Girai la testa verso di lui nascondendo il viso contro il suo petto, fra il torace e la spalla, in quel posticino dove potevo fingere che non esistesse nulla. La sua mano risalì sulla mia nuca e si immerse nei miei capelli, adorava toccarmi i capelli. Lo faceva spesso, erano il suo anti stress ed io ogni volta mi sentivo in pace col mondo. Volevo lo facesse sempre. Mi carezzò così.
- Ho paura... ho paura che non succederà mai, che non sarò mai capace di farlo. Sarò sempre questa pallida imitazione che ogni tanto ha delle fiammate e si illude che tutto sia tornato a posto e poi... - A quel punto Cris, forse un po’ esasperato dal fatto che gli facevo letteralmente gli stessi discorsi da settimane e mesi, mi prese il viso fra le mani e mi guardò diretto negli occhi, da vicino.

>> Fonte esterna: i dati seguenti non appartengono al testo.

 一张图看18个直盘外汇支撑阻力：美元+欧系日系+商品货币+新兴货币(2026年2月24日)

A quel punto, proprio in quel momento, qualcosa accadde. Qualcosa fece click fra noi, nel nostro rapporto intendo. In quel momento limpido e cristallino sentii il desiderio di baciarlo e sperai che lui lo facesse. Non potevo più fingere e chiudere gli occhi e non farmi domande. Ora c’era solo una risposta. Volevo baciarlo, ero attratto e non solo fisicamente e sessualmente, ma anche emotivamente.

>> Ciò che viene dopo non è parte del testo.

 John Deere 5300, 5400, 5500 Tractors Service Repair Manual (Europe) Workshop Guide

- Anche se tu non tornassi più quel Riky, sarai un altro e non sarai una pallida imitazione. Andrai bene come sei, andrai sempre bene come sei. Hai capito? Sei meraviglioso anche così. - Mi congelò le lacrime in quel momento, non piansi, rimasi ebete a fissarlo con le mani sul mio viso e la sua bocca così vicino e mi persi, mi persi totalmente perché volevo che annullasse la distanza, ma non lo fece. Rimase così fino a che annuii senza capire che mi aveva detto. Così poi mi tornò a posare la testa su di sé, mi prese con una mano le gambe all’altezza delle ginocchia e me le sistemò su di sé in modo da appoggiarle sulle sue in questa posizione dove avrebbe potuto raccogliermi come una principessa, mentre ero tutto abbarbicato su di lui. Misi una mano sul suo petto vicino al mio viso e toccai il suo corpo attraverso la maglia, respiravo il suo ancora molto forte profumo intossicante mentre chiudevo gli occhi e sognavo di sollevare il capo e baciarlo io.
Ormai avevo avuto la mia epifania, a quel punto sapevo come sarebbe finita e ne ero finalmente consapevole. Comunque non sarebbe stato facile lo stesso.